Hank Aaron, in Wisconsin to give the commencement address at Concordia University on Saturday, had to field the traditional Barry Bonds questions and spoke well of the man who broke his home run record, the Associated Press reported.
Of course, Aaron then went out and took a mighty swing, telling students, "This is advice from an old man who has been a lot of places, seen a lot of things. Be careful before you make choices. Avoid shortcuts. They are quick fixes and unrewarding."
Hmm, let's see . . .
Choices? Shortcuts? Quick fixes? Unrewarding? Gosh, that does seem to bring someone to mind. Just can't quite recall the name.
What two NHL teams have played the most regular-season games without winning the Stanley Cup?
Former Philadelphia 76ers president Pat Croce appears to have found a way to tap his years of experience dealing with sports agents and TV executives. He is making a movie about pirates, and, no, not the Pittsburgh variety.
Croce received the go-ahead from Dreamworks on his idea for a realistic look at Blackbeard, the Philadelphia Inquirer reported. Croce is not out of his depth on this one. He did found the Pirate Soul Museum in Key West, Fla., which features authentic artifacts, many from Croce's personal collection.
"It'll be a period piece," Croce said. "Gritty. None of this 'Pirates of the Caribbean' stuff. Facts are even better than fiction."
Of course, sometimes facts are even stranger than fiction. See the 76ers' Larry Brown-Allen Iverson era as an example.
Five of the six division leaders in major league baseball -- the Angels, Chicago White Sox, Boston Red Sox, Arizona Diamondbacks and Florida Marlins -- have won World Series championships since 2000.

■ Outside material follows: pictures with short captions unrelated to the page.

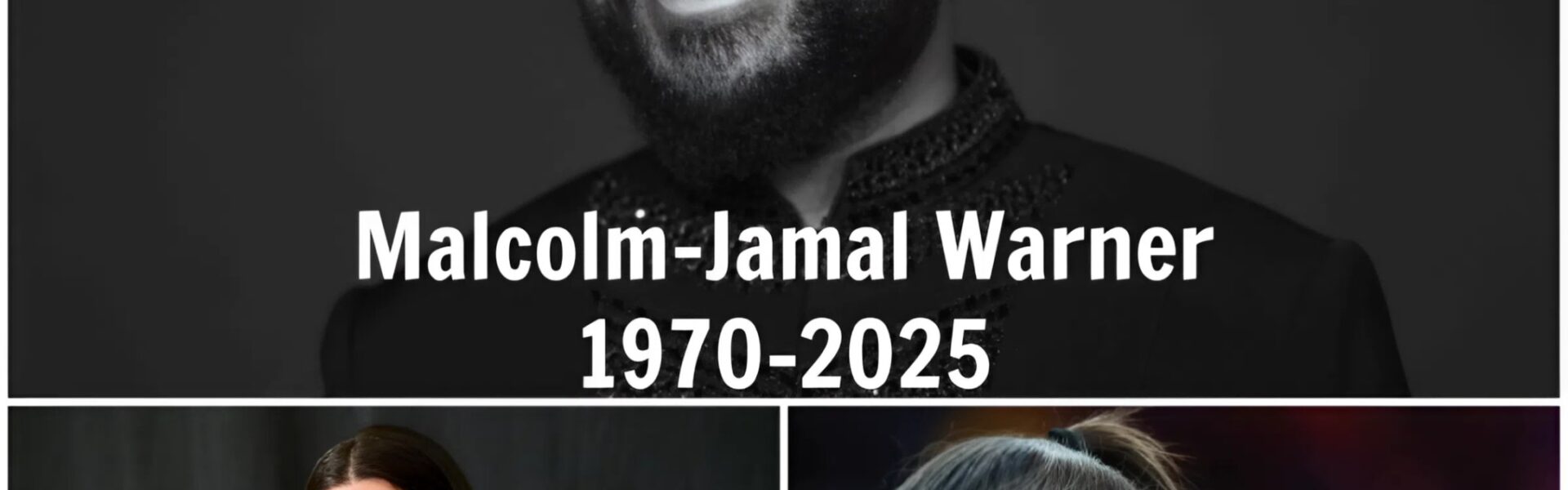 Caitlin Clark Breaks Down in Tears Over the Tragic Loss of Malcolm-Jamal Warner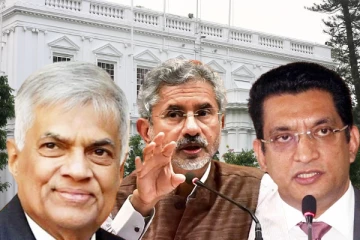 இலங்கையோடு கைகோர்க்கும் இந்தியா - வரலாற்று ஒப்பந்தங்கள் மீதான ஒரு முழு பார்வை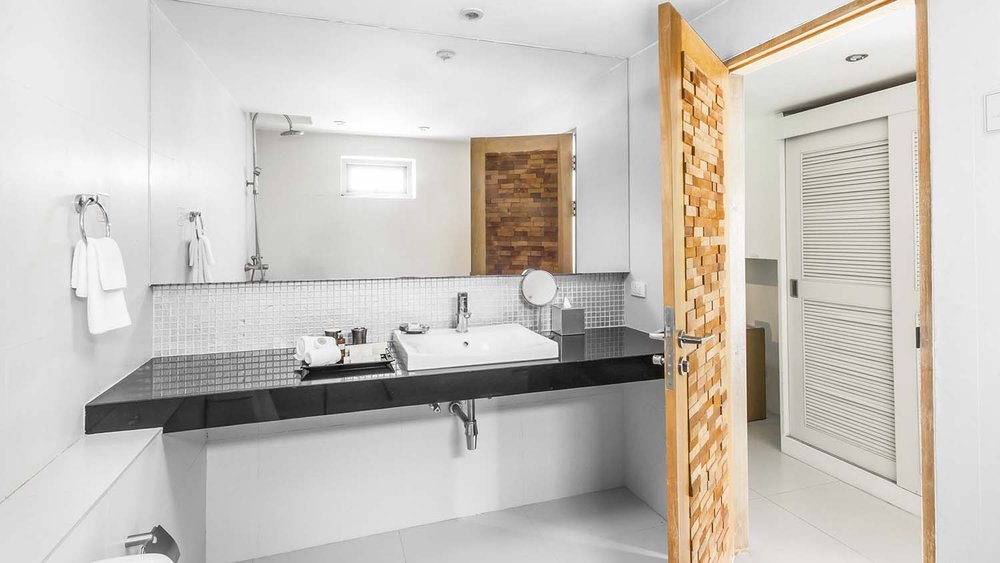 Villa Pool View Two Bedrooms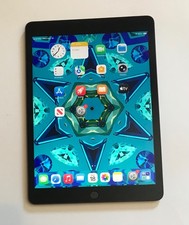 Apple iPad (9th Generation) A2602 64 GB, Wi-Fi, 10.2 in - Space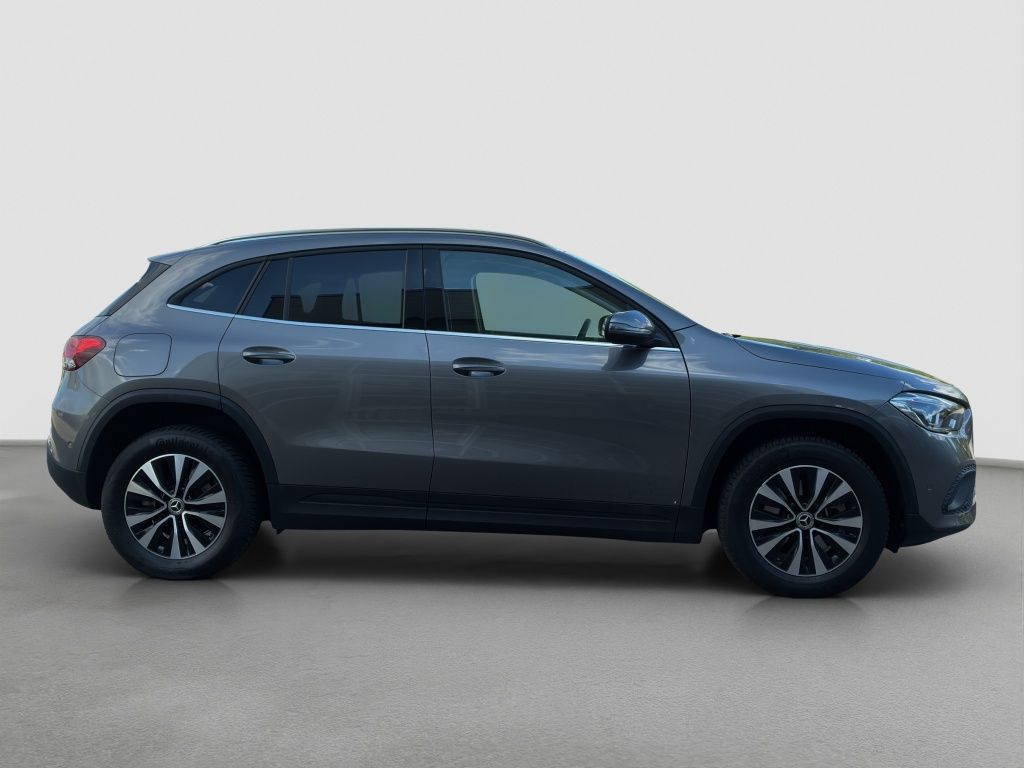 Fahrzeugabbildung Mercedes-Benz GLA 250 e LED*PDC*ParkAss*SpurH*el.Heck*AUT*Kam.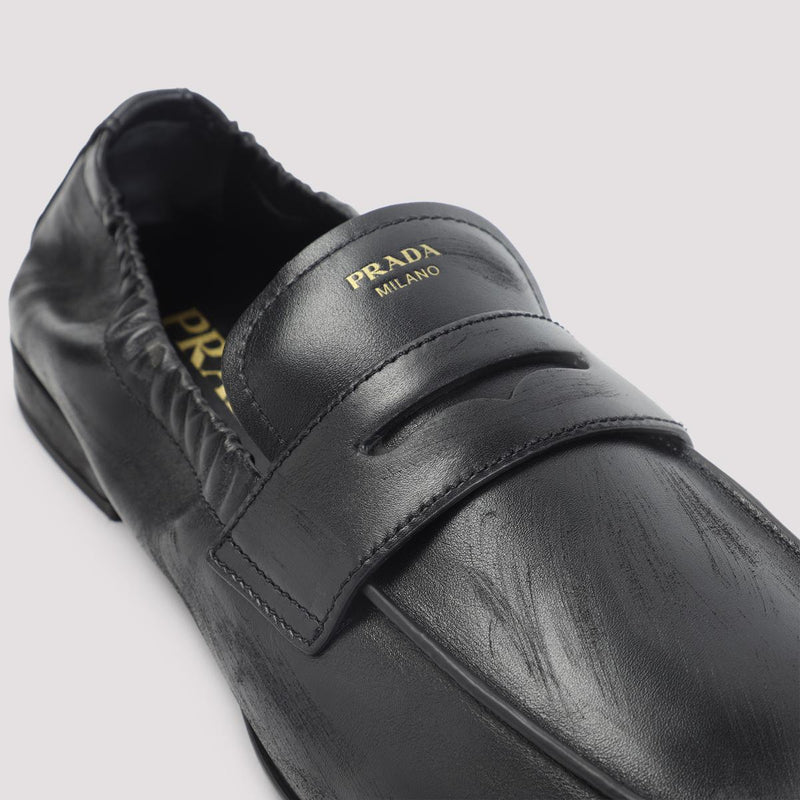 Prada Loafers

And the sixth team? Well, the Chicago Cubs had a pretty good run at the turn of the century, as well. The 1900s started out just fine.
The International Hockey Federation ranked the top 100 stories of the last 100 years, with Team USA's "Miracle on Ice" at the 1980 Winter Olympics coming out on top.
Not making the list was Team USA's trashing of dorm rooms in 1998, that rampage by NHL players after being eliminated from the Nagano Games.
Ump strikes out
Umpire Bob Davidson made a postgame confession Sunday, admitting he made a mistake in overruling a home run call by fellow umpire Mike Reilly.
Davidson ruled that a ball hit by the New York Mets' Carlos Delgado, which replays showed hitting the left-field foul pole for an apparent three-run homer, was foul. But the umpire later told reporters in an expletive-laced confession that he made the wrong call.
"I'm the one who thought it was a . . . foul ball. I saw it on the replay. I'm the one who . . . it up, so you can put that in your paper."
Only one way to respond to that kind of tirade: Davidson, yer out of here!
Ah, if only life were that easy.
The Kings and St. Louis Blues.
Footnote: Wayne Gretzky played for both.
New York Yankees co-chairman Hank Steinbrenner proved once again that the acorn doesn't fall far from the tree. In criticizing his team's last-place effort so far this season, he told the New York Post last week, "These players are being paid a lot of money and they had better decide for themselves to earn that money."
And that comes from a man who has never been handed anything . . . well, except the Yankees.